Delphi Policy Raises Concerns


    COOPERSVILLE — When is it OK for a company to look into an employee’s medical records? When it means the difference between a paid sick day and an unexcused absence, according to automotive parts manufacturer Delphi

    In April, Delphi‘s Coopersville fuel-injector manufacturing facility updated its “attendance management systems,” said company spokesperson Luce Rubio. Bringing the plant’s procedures in line with other Delphi operations meant asking certain employees to sign a waiver that would allow company officials access to elements of the employee’s privileged medical information.

    “We’re not looking for a history of medical information,” said Rubio, adding that company officials would be looking for verification of treatment on a specific day.

    Generally, Rubio said, Delphi officials take a note from an employee’s doctor at face value. However, if the note contains incomplete or illegible information — or if the employee has a history of absenteeism problems — supervisors are likely to be more fastidious.

    “If you were absent for the first time in two years, they would probably take your word for it,” said Rubio. “But if you’re absent every Monday for six months, there’s probably something different that needs to happen.” Implementing the use of the waiver is one more “tool” Delphi managers can utilize in dealing with chronic absenteeism.

    For the $28 billion-a-year auto parts giant, controlling absenteeism is an ongoing fight. Rubio said that, while individual facilities’ rates vary, the company’s overall absenteeism rate is around the industry average of 10 percent. As such, it’s very important to crack down on employees who abuse sick time for personal reasons.

    Because of current privacy laws, the process of checking up on suspicious absences is not as easy as it used to be.

    “Under laws like FMLA (Family Medical Leave Act), you can’t just go to the doctor, call him up and get more information,” said Norbert Kugele, a partner at law firm Warner Norcross & Judd who specializes in medical privacy cases.

    The Health Insurance Portability and Accountability Act of 1996, commonly known as HIPAA, places further restrictions on a company’s access to employees’ medical information.

    “Under HIPAA, an employer can’t look at its health plan records to make employment decisions about individuals. If you say you need a day off because you have diabetes and you need to go see your doctor, they can’t look at your health records to verify that you’re seeing a doctor (to treat) diabetes. Also, (employers) cannot condition benefits under the health plan based on whether the employee signs the waiver,” Kugele said.

    But in this case, Kugele said, Delphi seems to have crafted a policy that cuts as close to the guidelines of admissibility as possible, while still respecting employees’ rights under the law.

    “I won’t look at this and say, ‘This is clearly crossing the line.’ But it does look like it comes pretty close,” he said.

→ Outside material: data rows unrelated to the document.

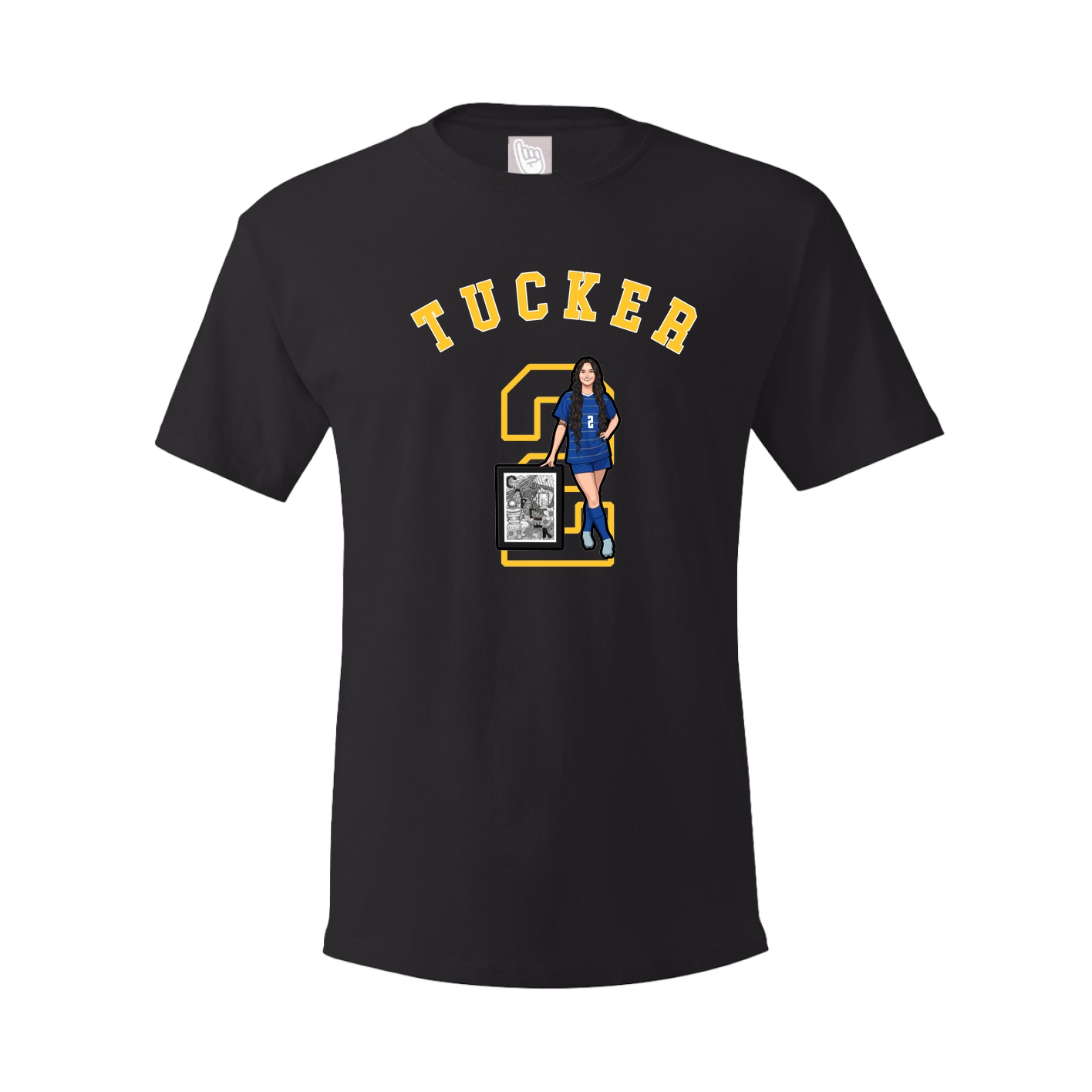 Youth Tee — Shirsey Arch in Black
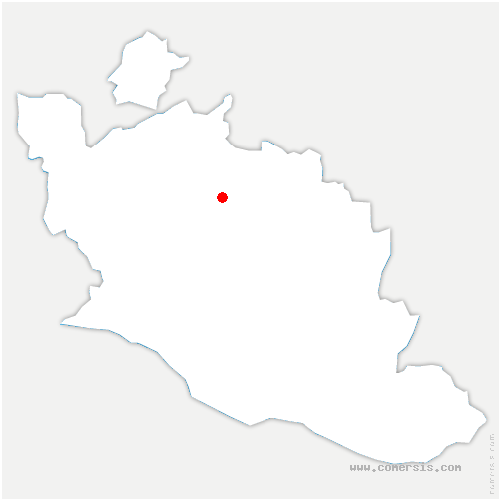 carte de localisation de Crillon-le-Brave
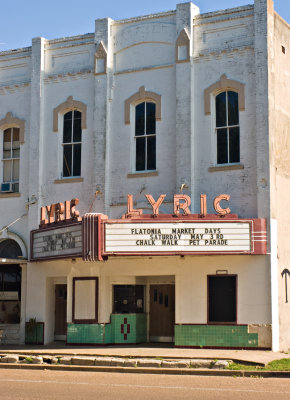 The Lyric Theater, Flatonia, TX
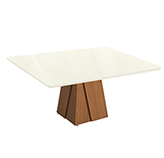 Mesa de Comedor Tiku 135x135cm Madera Blanco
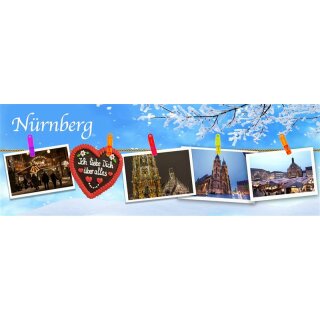 Nürnberg Fotomagnet Foto Magnet Epoxy Deluxe - Winterzeit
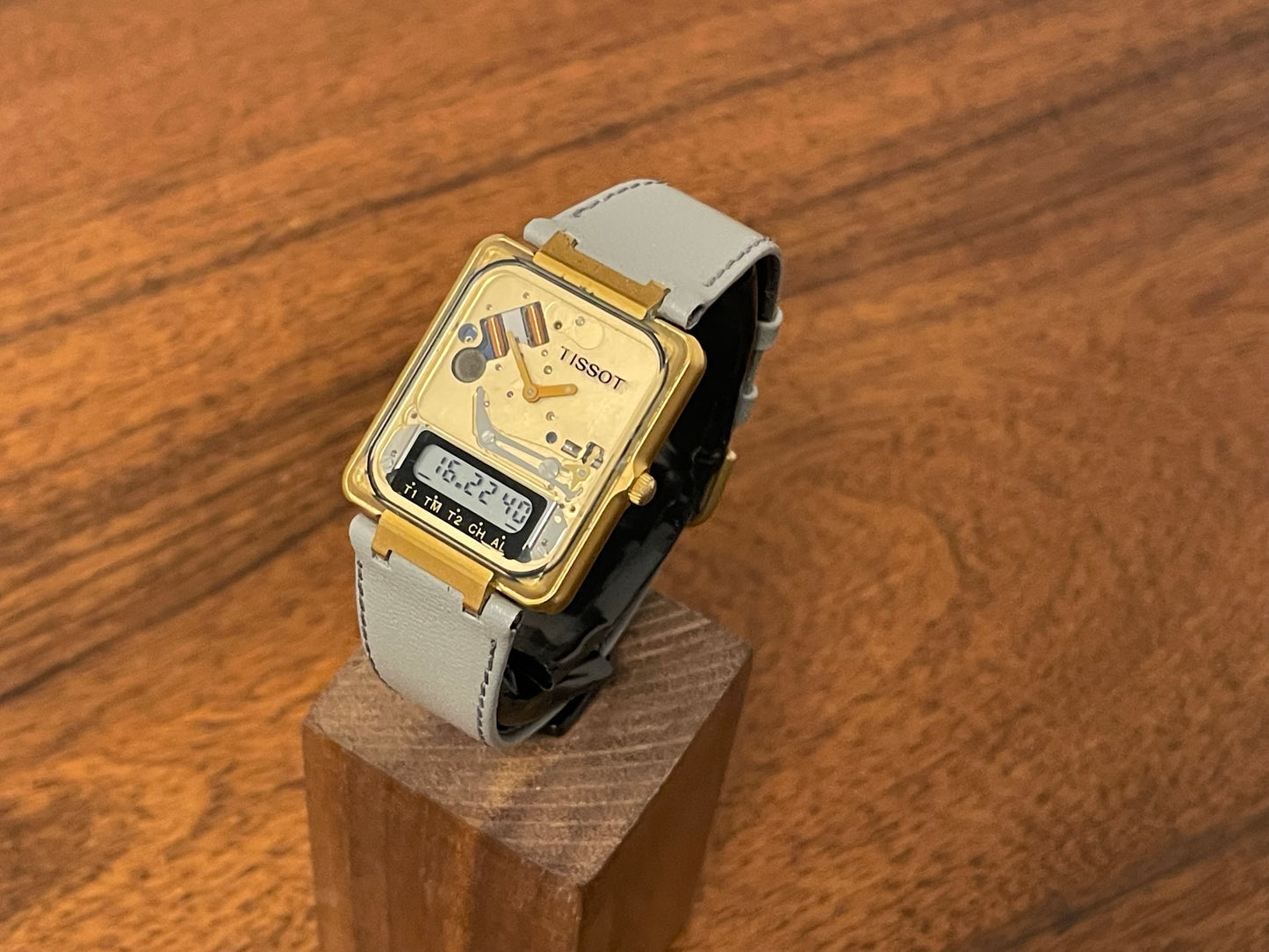 (1980s) Tissot TwoTimer skeleton "Tank"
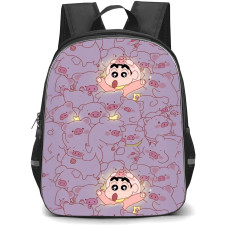 Crayon Shin-Chan Backpack StudentPack - Crayon Shin-Chan Squeezed With The Pigs Collage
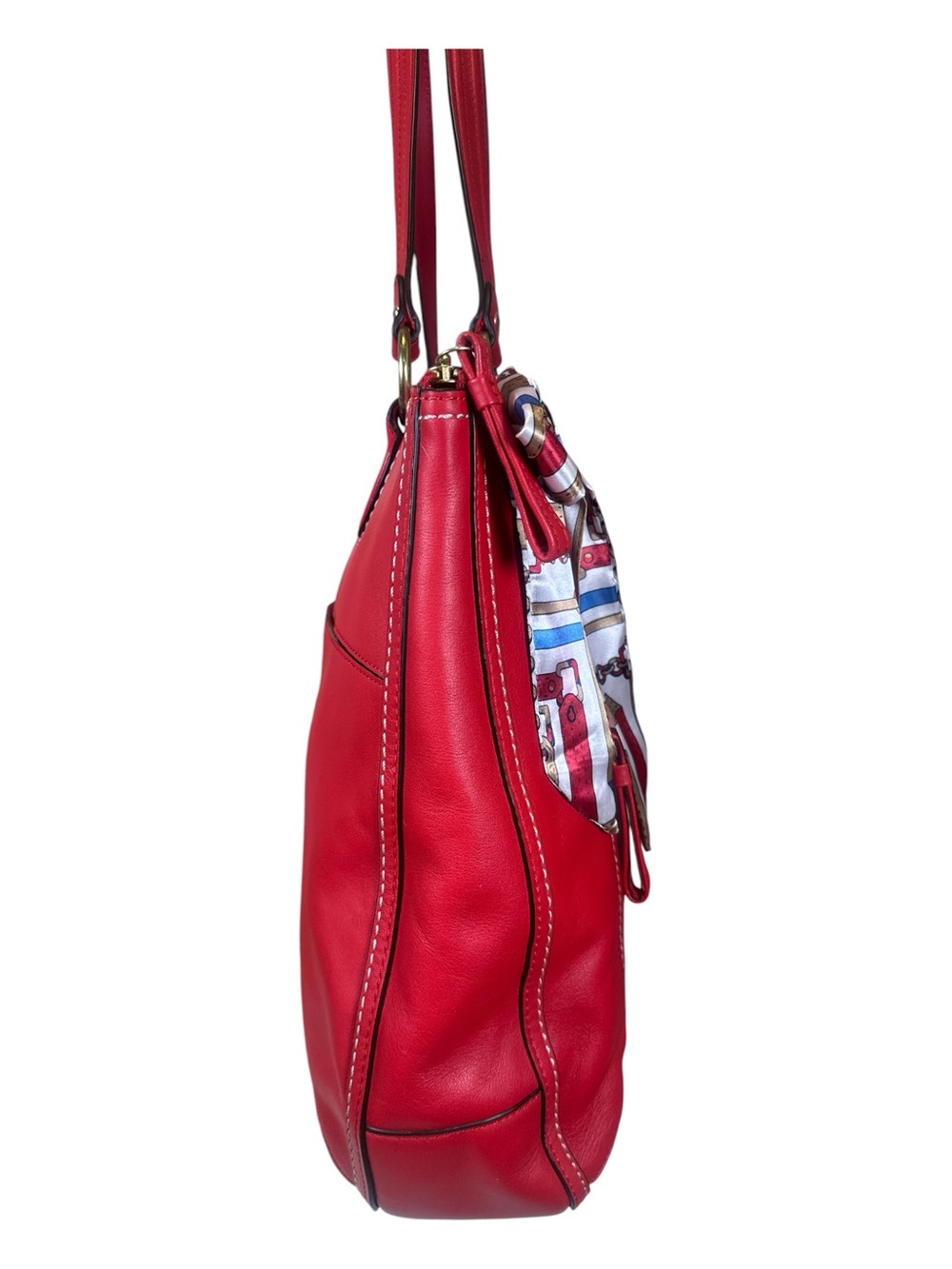 Coach Poppy Hallie Leather Tote - Picture 5 of 16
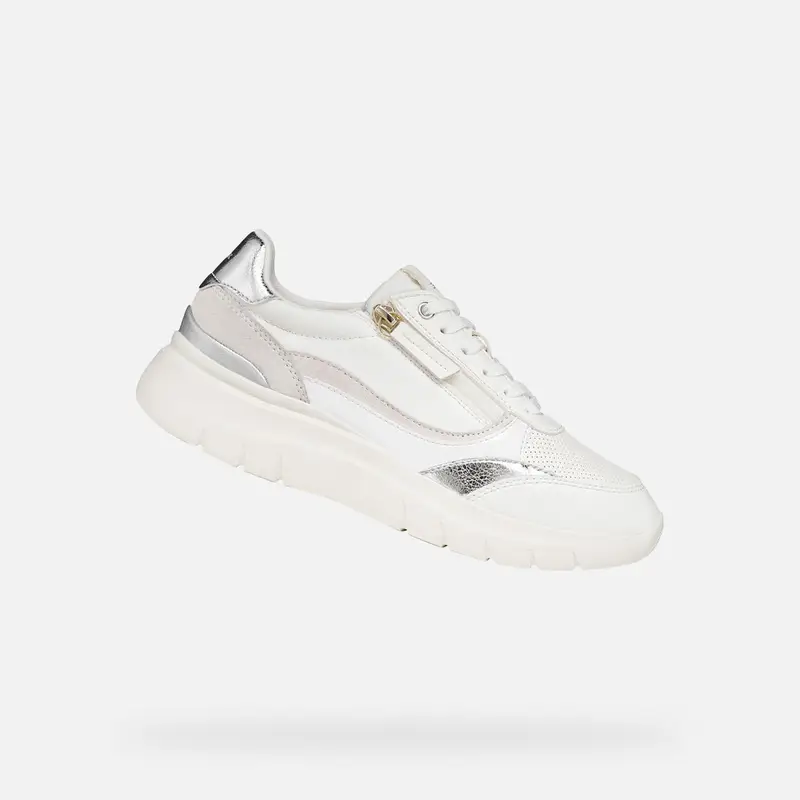 Scarpe Plummery Donna Bianco/argento miniatura 2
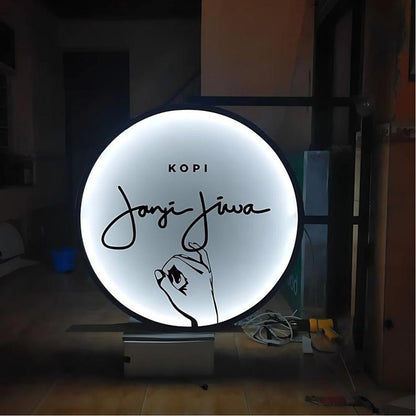 Janji Jiwa Acrylic Business Logo Sign - Shineneon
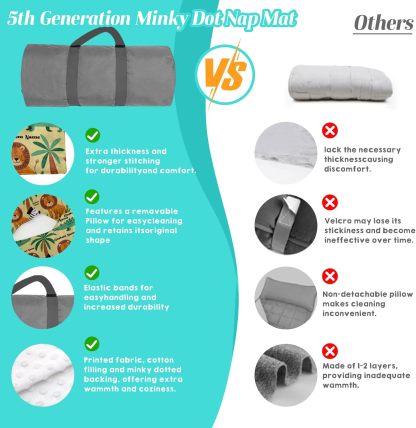 Custom Personalized Kids Nap Mat Animal 01 Edition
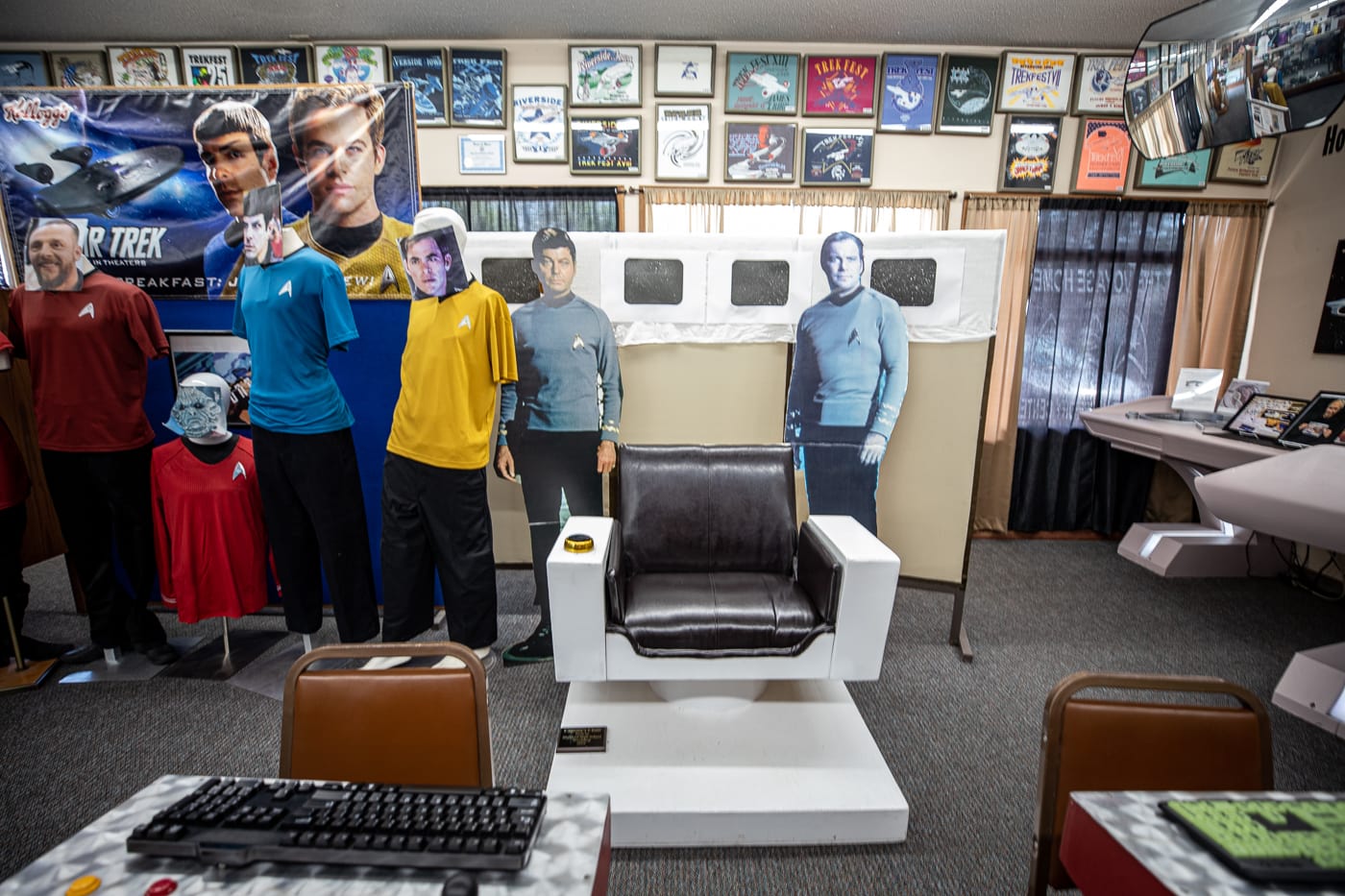 Model of a command station at the Voyage Home History Center in Riverside Iowa. A Star Trek Museum in the future birthplace of Captain James T. Kirk of Star Trek fame.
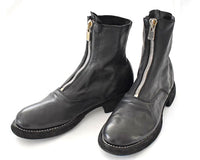 GUIDI / グイディ <BR>"FRONT ZIP ARMY BOOT SOLE LEATER"<BR>フロントジップブーツ<br>"SOFT HORSE FULL GRAIN" BLKT<BR>【210WZ SOFT HORSE FULL GRAIN 】<BR> 【WOMEN'S】【シューズ】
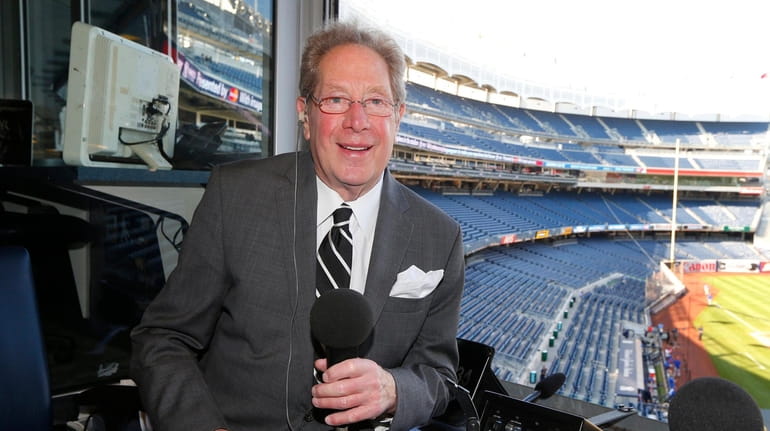 Yankees broadcaster John Sterling is home waiting for sports to...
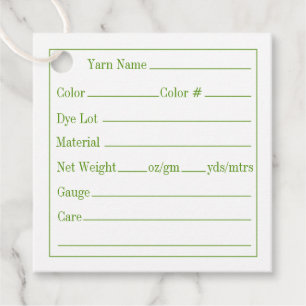 GREEN CELTIC KNOT 2" Quadratgarnmarken Geschenkanhänger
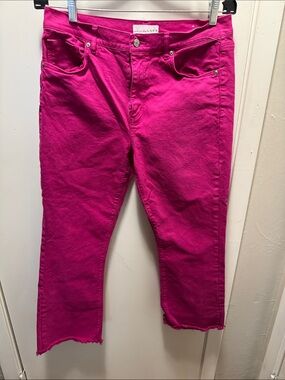 LOFT Bright Pink Cropped Ankle Jeans(4)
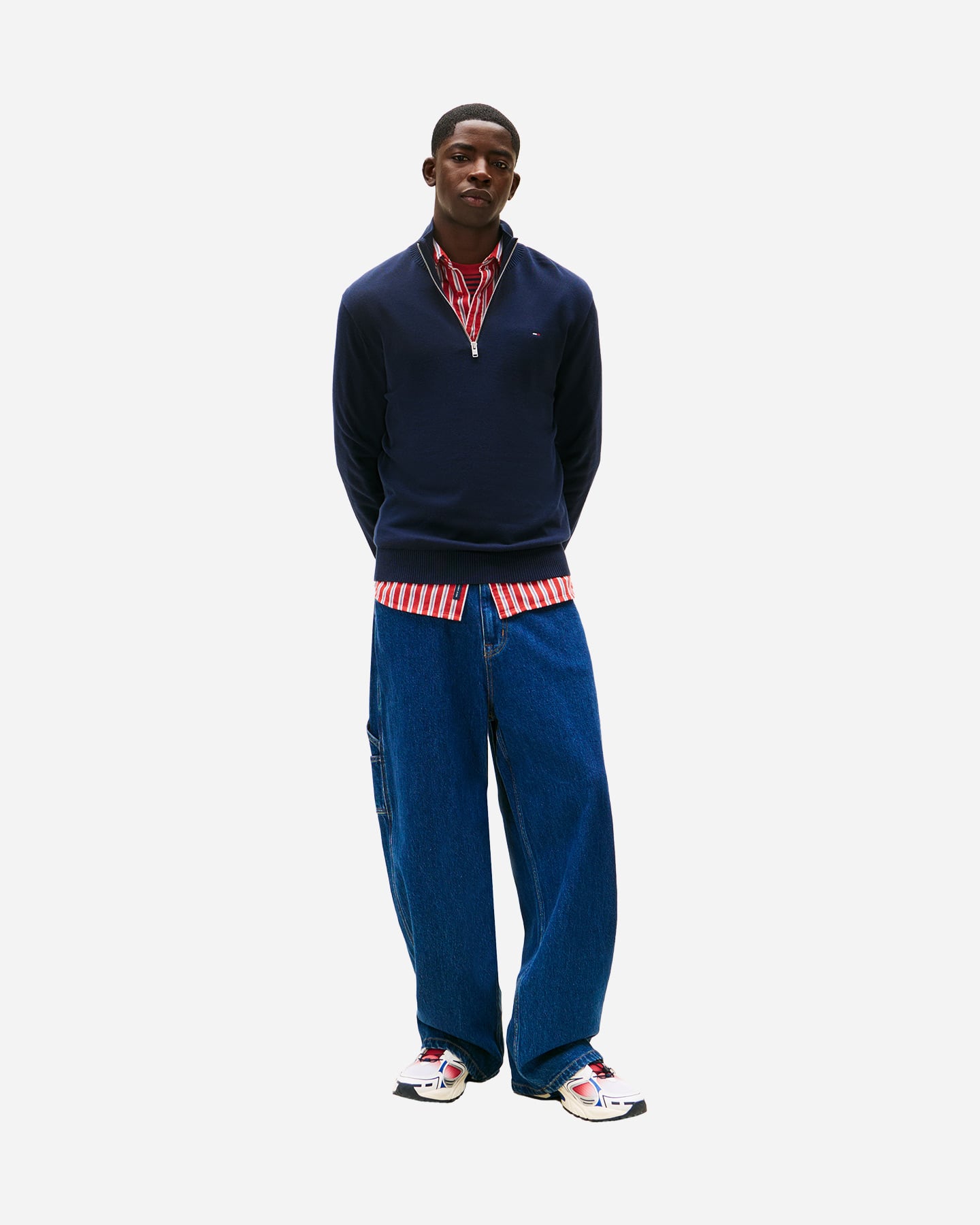 Maglione TOMMY HILFIGER ESSENTIAL M - Blu - 2 | Cisalfa Sport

    “HIPAA only applies to the health plan itself; it does not apply to the employer,” he said. “The employer can presumably condition non-health plan benefits (like paid sick days) on the signing of the authorization. I do think that’s permissible under HIPAA.”

    Kugele said that he understands Delphi‘s desire to access the information in order to curb absenteeism, but he wonders at what cost the policies should be implemented.

    A story in the Detroit News quoted a Delphi employee who felt that failure to sign the release form would result in the loss of his job.

    “You have to weigh the extent of the problem vs. perceptions that are created by the policy,” Kugele said. “This charge — that (employees) are being coerced to sign authorization forms — I don’t know if there’s any truth to it, but again, I think you have to balance that bad press vs. the benefits (of the policy).”

    Rubio insists that no one is forced to sign the waiver. “The employee can choose to not sign the form,” she said. “But if we aren’t able to verify the medical necessity of the absence, it will be treated as an unexcused absence.”

    Rubio also points out that hourly union employees at the Coopersville plant are not treated any differently than the company’s salaried employees, herself included. “And if you know I love football and every Tuesday I’m calling in sick, you’re probably going to figure out that something is going on,” she said.